Dans une vidéo devenue virale sur les réseaux sociaux, Aboubacar Sidiki Fomba, membre du Conseil national de la Transition (CNT), vice-président du Collectif pour la refondation du Mali (Corema) et Président du parti ADPEM, appelle à ne pas poursuivre les soutiens de la Transition devant la justice.
Pour ce membre de l’organe législatif de Transition nommé par décret du Chef de l’Etat, «même si les soutiens de la transition violent la loi, commettent une infraction, on ne doit pas les arrêter». Cette ‘’haute personnalité de l’Etat’’ appelle à donner des ordres aux magistrats en charge de l’application de la loi de n’engager aucune poursuite pénale contre les soutiens de la Transition. Et, plus grave, il s’accorde même la liberté de citer nommément certains vidéomen.
Voilà des déclarations qui jettent le discrédit sur le pouvoir judiciaire et ternissent l’image du Mali sur la scène internationale. Cette sortie du vice-président du COREMA a au moins le mérite de confirmer ce que nous vivons actuellement dans ce pays. Pour ceux qui observent de près l’actualité des prétoires, notamment de certaines juridictions de première instance du district de Bamako, il est loisible de constater que les mandats de dépôt varient selon la prise de position des justiciables.

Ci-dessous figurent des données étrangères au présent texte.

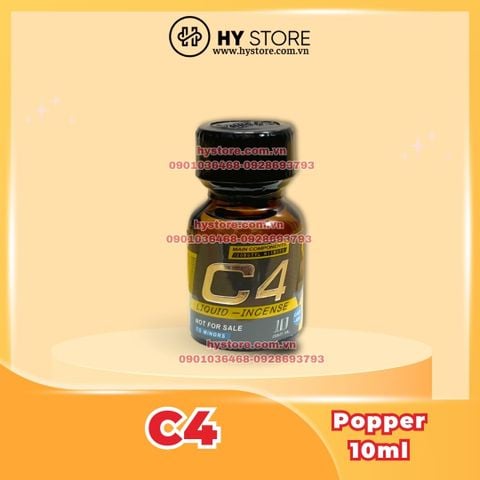 Popper C4 - 10ml
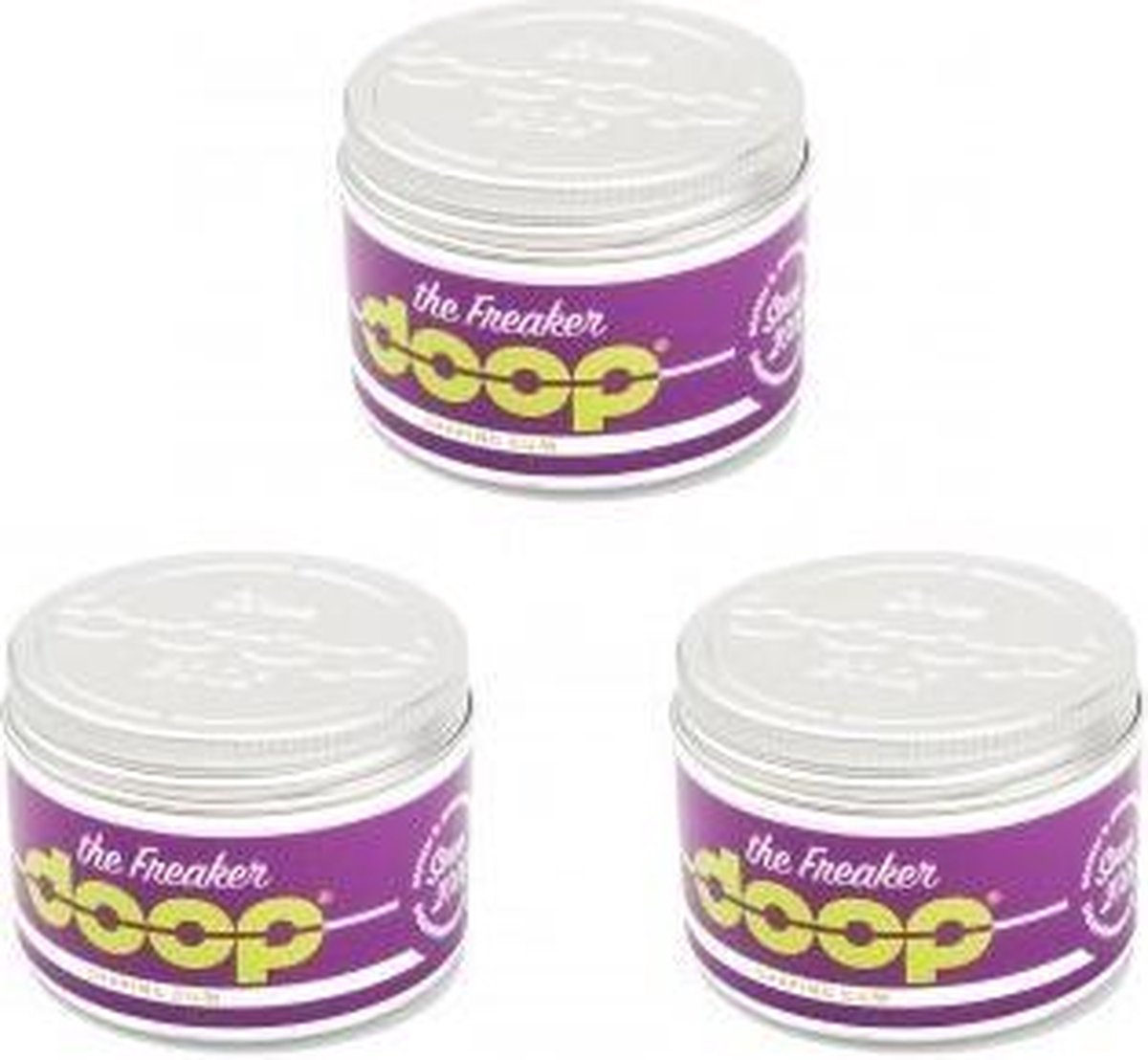 Doop The Freaker 3 Stuks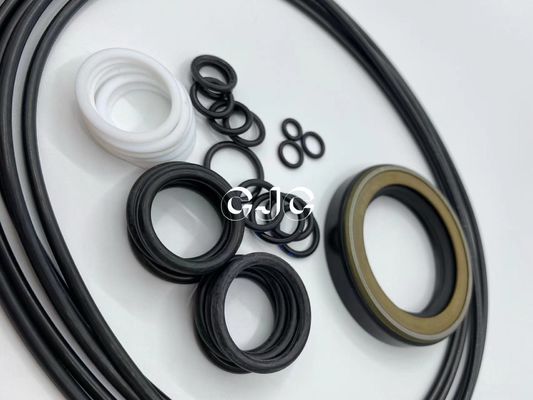 K5V140DT सीलिंग रिंग किट, वाटरप्रूफ हाइड्रोलिक सिलेंडर किट NBR FKM सामग्री: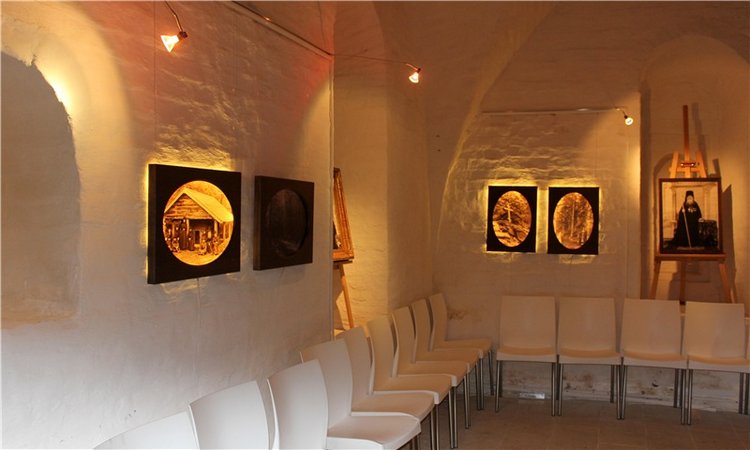 Время, застывшее в янтаре. Старицкий Свято-Успенский мужской монастырь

Celles et ceux qui soutiennent la transition sont poursuivis non détenus alors que des critiques déclarés de la gestion des affaires publiques sont placés en détention. Certains sont obligés d’accepter en désespoir de cause une médiation pénale si le présumé auteur de l’infraction est un fantassin de cette «armée noire» qui tire via les réseaux sociaux sur toutes celles et tous ceux qui osent dénoncer les dérapages des autorités de la Transition.
Les procédures engagées contre les critiques de la transition ont la vitesse de l’éclair tandis que celles dirigées contre les inconditionnels des autorités actuelles sont conduites à pas de tortue. «Tu es critique à la Transition – si l’on te convoque dron – c’est mandat de dépôt direct en attendant le jugement. Seuls les super-citoyens sont autorisés à violer sans crainte», a ironisé sur sa page facebook notre jeune confrère Malick Konaté, contraint aujourd’hui à l’exil à cause de ses prises de position.
Il faut rappeler que la roue de l’histoire tourne. Hier, nombreux parmi ceux ou celles qui pouvaient donner des ordres pour emprisonner un opposant ou un adversaire sont aujourd’hui en exil, ou en prison, ou sous terre. Demain, ceux ou celles qui donnent ces ordres pareils peuvent aller en prison ou en exil s’ils sont en vie. Il suffit de regarder le procès sur les événements du 28 septembre en Guinée. Il suffit de se rappeler que Karim Kéïta est obligé de s’éloigner du pays où des gens massaient dans un avenir récent ses pieds pour obtenir ses faveurs.
Dans un communiqué de presse sur le projet de constitution, le Syndicat libre de la magistrature (Sylima) a rappelé que «tout homme est un potentiel justiciable et que nul n’a intérêt à voir sa cause examinée par un Pouvoir Judiciaire inféodé au prince du jour qui pourrait l’instrumentaliser à des fins autres que républicaines». Oui, personne n’a intérêt à ce que sa cause soit examinée par un «pouvoir judiciaire inféodé au prince du jour».
L’injustice est la première source d’insécurité et d’instabilité dans une société.